*Task item*: The pictures must be left out, while the rest of the data is copied exactly.
=== Supplied data ===
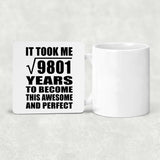 99th Birthday Took Square Root of 9801 Years To Awesome - Drink Coaster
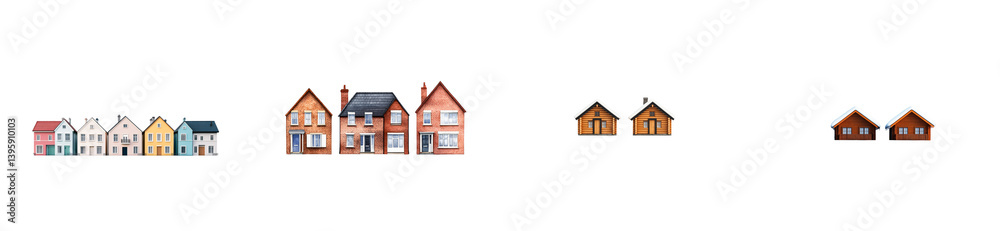 Variety of home styles, isolated houses collection, cut out transparent Variety of home styles, isolated houses collection, cut out transparent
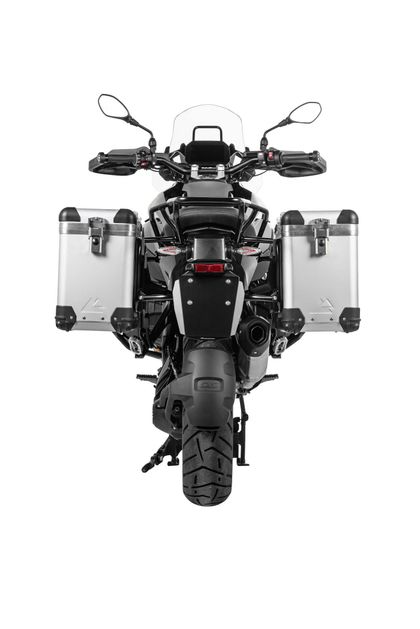 Valise Touratech Kit complet ZEGA Pro 38/38 - Support noir inclus - Anodisé gris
===
*Written answer*:
 99th Birthday Took Square Root of 9801 Years To Awesome - Drink Coaster
 Variety of home styles, isolated houses collection, cut out transparent Variety of home styles, isolated houses collection, cut out transparent
 Valise Touratech Kit complet ZEGA Pro 38/38 - Support noir inclus - Anodisé gris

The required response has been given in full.